**What you will do**
All lines below must be repeated exactly, with the pictures omitted.

**Input**

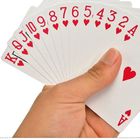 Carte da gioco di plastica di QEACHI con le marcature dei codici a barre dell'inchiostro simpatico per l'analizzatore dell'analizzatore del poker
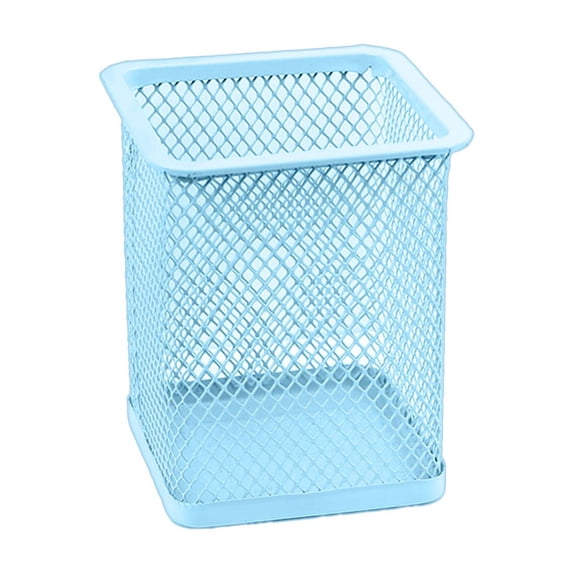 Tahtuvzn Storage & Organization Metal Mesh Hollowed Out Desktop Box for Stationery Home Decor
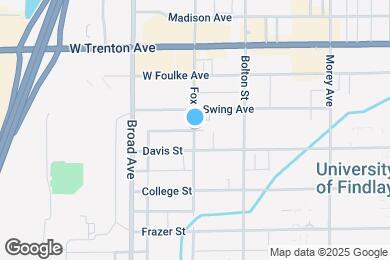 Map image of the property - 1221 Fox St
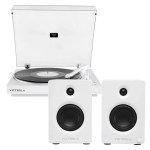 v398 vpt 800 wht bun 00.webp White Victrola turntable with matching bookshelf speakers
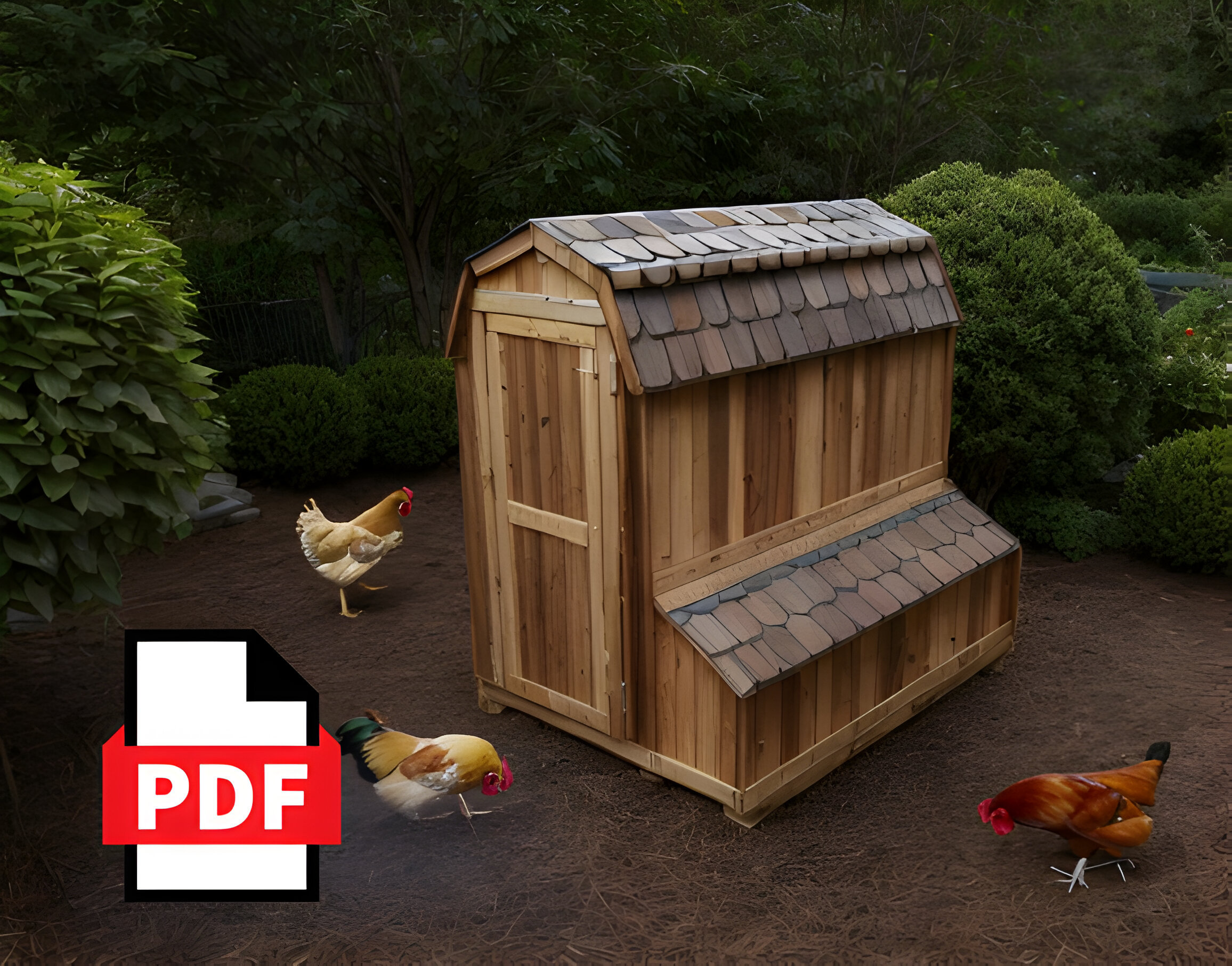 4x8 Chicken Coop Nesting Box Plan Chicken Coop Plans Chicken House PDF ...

**Answer to the problem**
 Carte da gioco di plastica di QEACHI con le marcature dei codici a barre dell'inchiostro simpatico per l'analizzatore dell'analizzatore del poker
 Tahtuvzn Storage & Organization Metal Mesh Hollowed Out Desktop Box for Stationery Home Decor
 Map image of the property - 1221 Fox St
 v398 vpt 800 wht bun 00.webp White Victrola turntable with matching bookshelf speakers
 4x8 Chicken Coop Nesting Box Plan Chicken Coop Plans Chicken House PDF ...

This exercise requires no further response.